> YOUR TASK
The records are to be copied in their entirety, exactly as given.

*** Opening of SUPPLIED ENTRIES ***

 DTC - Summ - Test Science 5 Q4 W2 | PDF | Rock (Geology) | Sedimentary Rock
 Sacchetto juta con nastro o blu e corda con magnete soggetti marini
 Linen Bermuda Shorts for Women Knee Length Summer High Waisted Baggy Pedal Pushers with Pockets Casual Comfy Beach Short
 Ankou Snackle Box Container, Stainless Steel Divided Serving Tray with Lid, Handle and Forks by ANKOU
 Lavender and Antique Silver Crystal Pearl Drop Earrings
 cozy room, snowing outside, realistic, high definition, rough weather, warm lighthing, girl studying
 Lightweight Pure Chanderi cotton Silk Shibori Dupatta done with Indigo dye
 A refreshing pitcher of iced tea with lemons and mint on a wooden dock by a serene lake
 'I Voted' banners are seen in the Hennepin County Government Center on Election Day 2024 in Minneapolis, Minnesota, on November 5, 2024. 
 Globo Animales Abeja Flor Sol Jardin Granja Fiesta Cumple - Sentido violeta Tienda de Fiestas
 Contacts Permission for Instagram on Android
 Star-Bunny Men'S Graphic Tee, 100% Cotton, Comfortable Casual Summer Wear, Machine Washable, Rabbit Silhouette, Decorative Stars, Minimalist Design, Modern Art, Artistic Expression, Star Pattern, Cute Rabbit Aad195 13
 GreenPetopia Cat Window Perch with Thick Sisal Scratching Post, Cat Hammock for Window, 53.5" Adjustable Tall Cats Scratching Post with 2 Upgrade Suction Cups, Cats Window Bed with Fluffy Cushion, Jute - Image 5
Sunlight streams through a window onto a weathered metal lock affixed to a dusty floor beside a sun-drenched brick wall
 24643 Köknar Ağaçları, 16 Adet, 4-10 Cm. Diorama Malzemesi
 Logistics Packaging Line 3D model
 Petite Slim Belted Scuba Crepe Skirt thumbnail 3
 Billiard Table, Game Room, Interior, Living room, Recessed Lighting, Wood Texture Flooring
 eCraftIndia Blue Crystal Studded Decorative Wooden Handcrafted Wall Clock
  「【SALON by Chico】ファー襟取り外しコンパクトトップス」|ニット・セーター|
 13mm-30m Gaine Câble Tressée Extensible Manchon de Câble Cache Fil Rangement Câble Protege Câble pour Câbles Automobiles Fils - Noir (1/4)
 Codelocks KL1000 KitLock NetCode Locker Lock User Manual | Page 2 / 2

*** Close of SUPPLIED ENTRIES ***

> WORKED SOLUTION
 DTC - Summ - Test Science 5 Q4 W2 | PDF | Rock (Geology) | Sedimentary Rock
 Sacchetto juta con nastro o blu e corda con magnete soggetti marini
 Linen Bermuda Shorts for Women Knee Length Summer High Waisted Baggy Pedal Pushers with Pockets Casual Comfy Beach Short
 Ankou Snackle Box Container, Stainless Steel Divided Serving Tray with Lid, Handle and Forks by ANKOU
 Lavender and Antique Silver Crystal Pearl Drop Earrings
 cozy room, snowing outside, realistic, high definition, rough weather, warm lighthing, girl studying
 Lightweight Pure Chanderi cotton Silk Shibori Dupatta done with Indigo dye
 A refreshing pitcher of iced tea with lemons and mint on a wooden dock by a serene lake
 'I Voted' banners are seen in the Hennepin County Government Center on Election Day 2024 in Minneapolis, Minnesota, on November 5, 2024. 
 Globo Animales Abeja Flor Sol Jardin Granja Fiesta Cumple - Sentido violeta Tienda de Fiestas
 Contacts Permission for Instagram on Android
 Star-Bunny Men'S Graphic Tee, 100% Cotton, Comfortable Casual Summer Wear, Machine Washable, Rabbit Silhouette, Decorative Stars, Minimalist Design, Modern Art, Artistic Expression, Star Pattern, Cute Rabbit Aad195 13
 GreenPetopia Cat Window Perch with Thick Sisal Scratching Post, Cat Hammock for Window, 53.5" Adjustable Tall Cats Scratching Post with 2 Upgrade Suction Cups, Cats Window Bed with Fluffy Cushion, Jute - Image 5
Sunlight streams through a window onto a weathered metal lock affixed to a dusty floor beside a sun-drenched brick wall
 24643 Köknar Ağaçları, 16 Adet, 4-10 Cm. Diorama Malzemesi
 Logistics Packaging Line 3D model
 Petite Slim Belted Scuba Crepe Skirt thumbnail 3
 Billiard Table, Game Room, Interior, Living room, Recessed Lighting, Wood Texture Flooring
 eCraftIndia Blue Crystal Studded Decorative Wooden Handcrafted Wall Clock
  「【SALON by Chico】ファー襟取り外しコンパクトトップス」|ニット・セーター|
 13mm-30m Gaine Câble Tressée Extensible Manchon de Câble Cache Fil Rangement Câble Protege Câble pour Câbles Automobiles Fils - Noir (1/4)
 Codelocks KL1000 KitLock NetCode Locker Lock User Manual | Page 2 / 2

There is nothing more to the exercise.